RELEASE – State of Working PA 2019: Troubling Long-Term Trends Continue, But Businesses Offer an Opening for a Shift

Stephen Herzenberg and Muhammad Maisum Murtza |

READ THE FULL REPORT HERE.

HARRISBURG, PA – Ahead of Labor Day weekend, the Keystone Research Center today released the 24th edition of its report The State of Working Pennsylvania.” The report finds that, despite low unemployment and a glimmer of good news on the wage front, economic gains are still disproportionately going to Pennsylvanians at the top of the income distribution at historic rates. Changing that requires bold policies and a political assist from business leaders who recognize that the benefits of growth are dangerously skewed.

“For the first time since 2001, Pennsylvania wages increased across the board,” said economist and report author Stephen Herzenberg, “But they used to increase 3% every year. It took 10 years of the longest economic expansion in U.S. history for those gains to emerge, and Black workers are still being left behind. It’s not good enough.”
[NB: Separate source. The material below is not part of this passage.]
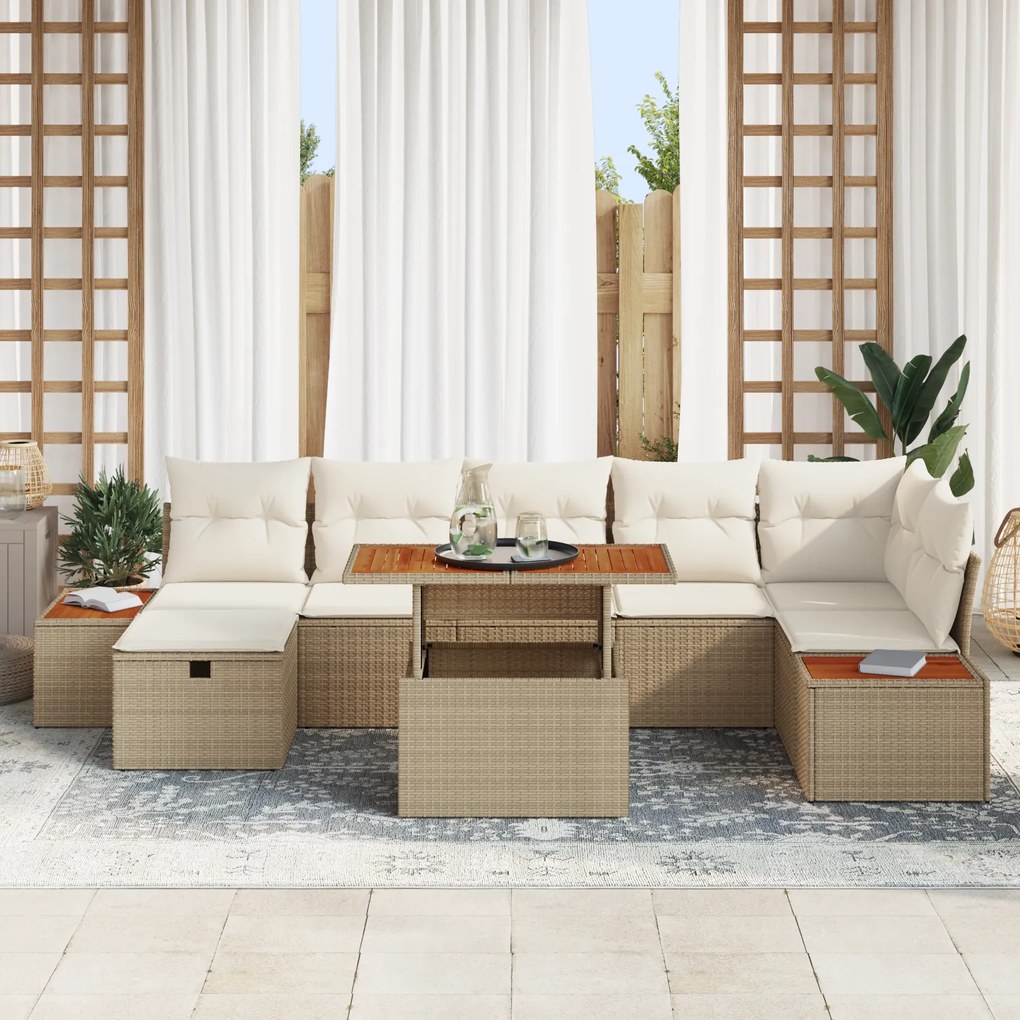 Conjunto de Sofá de 8 Peças para Jardim com Almofadas Beje Rattan Sint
The report notes an important shift in thinking in the business community that provides an opportunity to reshape the economy. Some business leaders have taken notice that the long-term picture of meager gains for workers risks undermining ordinary people’s faith in our economic system.

In recent days, the Business Roundtable, which represents the largest U.S. corporations, issued a statement signed by 181 CEOs that embraced stakeholder capitalism—the idea that corporations have obligations to employees, the community, and customers, as well as shareholders. On the next day, Tom Wilson, the chair of the executive committee of the U.S. Chamber published an op ed entitled “Save Capitalism by Paying People More.” Wilson acknowledged in blunt terms that “most Americans are struggling” and that 40 percent of Americans don’t have $400 for an emergency. The KRC report backs that assessment, finding that:

  • Over the last full business cycle, from the 2007 peak to 2018, the annual average increase in the Pennsylvania median wage has been less than half a percent;
  • Underemployment remains above the 2007 pre-Great Recession level and the employment rate (share of adults 20 and over who are employed) remains below the 2007 level;
  • If the employment rate today were at the 2007 level, Pennsylvania would have another roughly 150,000 jobs;
  • Since 1973, the top 1% in Pennsylvania received 46% of the increase in income in the state.
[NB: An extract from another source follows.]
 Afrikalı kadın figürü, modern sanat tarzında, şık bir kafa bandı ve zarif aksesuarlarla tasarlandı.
The report lays out grimmer economic realities for African Americans in Pennsylvania:

  • The Black unemployment rate remains more than twice the white.
  • In the first quarter of 2019, Black unemployment in Pennsylvania, at 8.4%, was the fourth highest among the 22 states for which reliable estimates exist.
  • The African American median wage in Pennsylvania in 2018 was also fourth lowest among the 24 states for which reliable estimates exist.
  • The African-American median wage in Pennsylvania is roughly 10% lower today in inflation-adjusted terms than it was in 1979. Black Pennsylvania workers now earn less than 75% the wage of white, compared to 90% in the early 1980s.
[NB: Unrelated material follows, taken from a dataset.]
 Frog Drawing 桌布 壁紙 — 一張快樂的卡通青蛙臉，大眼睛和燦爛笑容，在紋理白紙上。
The report concludes with concrete policy prescription that could begin to reverse these troubling long-term trends:

  • Raise Pennsylvania’s minimum wage for the first time in over a decade.
  • Restore overtime pay and the 40-hour work week for nearly half a million Pennsylvania salaried workers.
  • Increase Pennsylvania’s minimum teacher salary.
  • And enlist newly enlightened business leaders and Pennsylvania’s existing Middle-Class Task Force to develop a plan to expand economic prosperity beyond the top 1%—and then to execute that plan.

“For four decades or more, business leaders have focused on profits and put their weight behind federal and state policies that created an economy for the 1%,” said Herzenberg. “Their recognition that such starkly unequal growth is unsustainable is a first step towards a team effort to restore an economy that works for everyone.”